Après des semaines de discrétion, Paul Belmondo brise le silence dans les colonnes de France Info, ce 15 octobre. Le fils du légendaire Jean-Paul Belmondo raconte les dernières volontés de son père, porté par l’envie de quitter ce monde comme on quitte une scène, en triomphant.

À peine quelques jours après le décès de Jean-Paul Belmondo, la France rendait hommage à cet acteur de légende. En plein cœur des Invalides, le 9 septembre, le clan Belmondo, célébrités, hommes politiques, sportifs et inconnus étaient réunis autour de lui avant son dernier voyage en l’église de Saint-Germain-des-Prés, le lendemain. Si à l’écran le Magnifique soignait son jeu, il n’a pas manqué de préparer avec sa sortie attention. Au terme des obsèques nationales, c’est sur la musique du Professionnel, classique du cinéma français, que le cercueil s’est éloigné de la foule.

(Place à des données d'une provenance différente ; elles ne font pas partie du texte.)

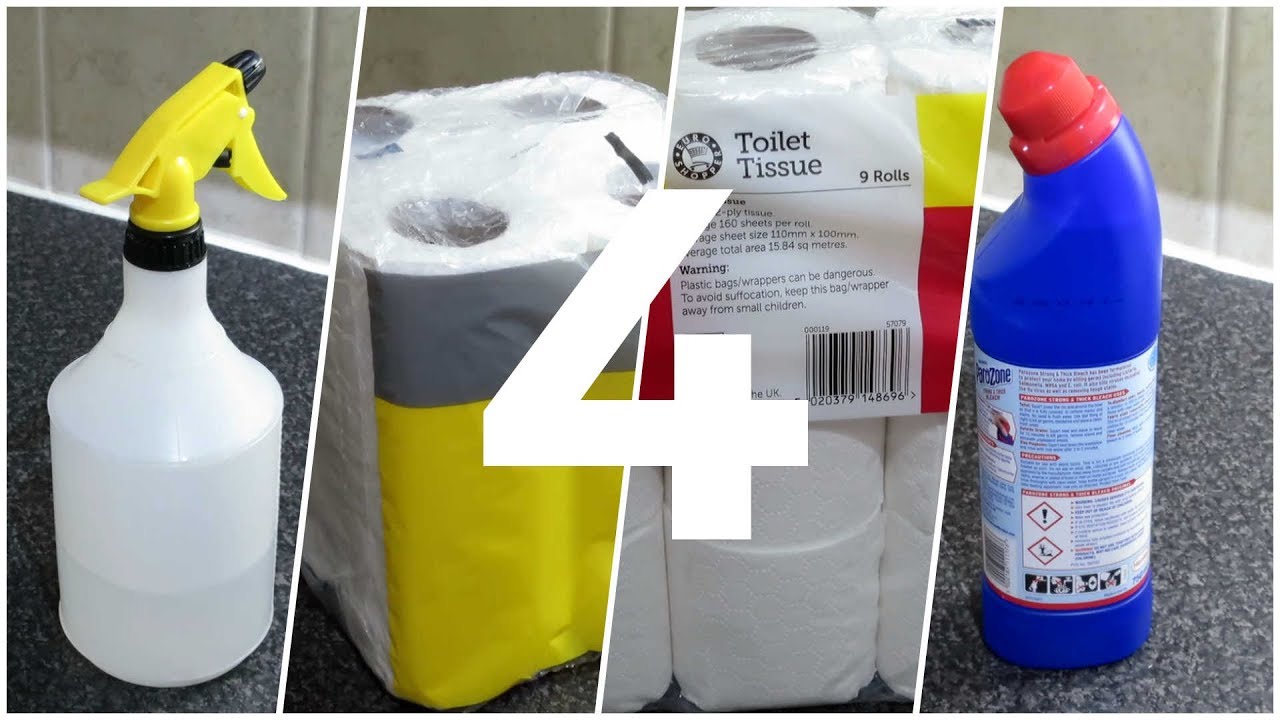 Basic Supplies to get in NOW!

Quitter ce monde sur la bande originale de ce chef-d’œuvre qui a contribué à forger sa légende était une idée de Jean-Paul Belmondo. Avant sa mort, l’acteur avait pris soin d’informer son notaire de ses dernières volontés, qui en a par la suite fait part à ses proches, comme le dévoile son fils Paul Belmondo à France Info. Sur les notes de Chi Mai signé du brillantissime Ennio Morricone, l’acteur s’est offert une sortie de scène poignante, digne des plus belles scènes du cinéma : « Cette musique est émouvante, en plus dans Le Professionnel, c’est le moment où il meurt à la fin, c’est quand même beaucoup… Mais il aimait cette musique. Et pourtant, ce n’était pas un fan de musique, mon père. Voilà, il nous a surpris et il avait raison. Son départ aux Invalides, c’était tellement beau, avec cette musique. Il a bien mis en scène son départ. »

Les dernières volontés de Jean-Paul Belmondo

Si l’acteur avait à cœur de disparaître sur la musique du Professionnel, il était également important pour lui que ses obsèques soient bien plus qu’un moment de tristesse et de recueillement. C’est pourquoi dans ses dernières volontés, l’acteur a souligné qu’il souhaitait que ses proches se réunissent autour d’un verre. « Il voulait… Il était flic et voyou, dans ses films, il avait ce côté bad boy, mais il avait aussi ce côté très juste et très fier de l’institution. Il était fier de ses médailles, mais voilà : on peut faire un truc sérieux, mais après, on va boire un coup et on s’amuse« , raconte Paul Belmondo.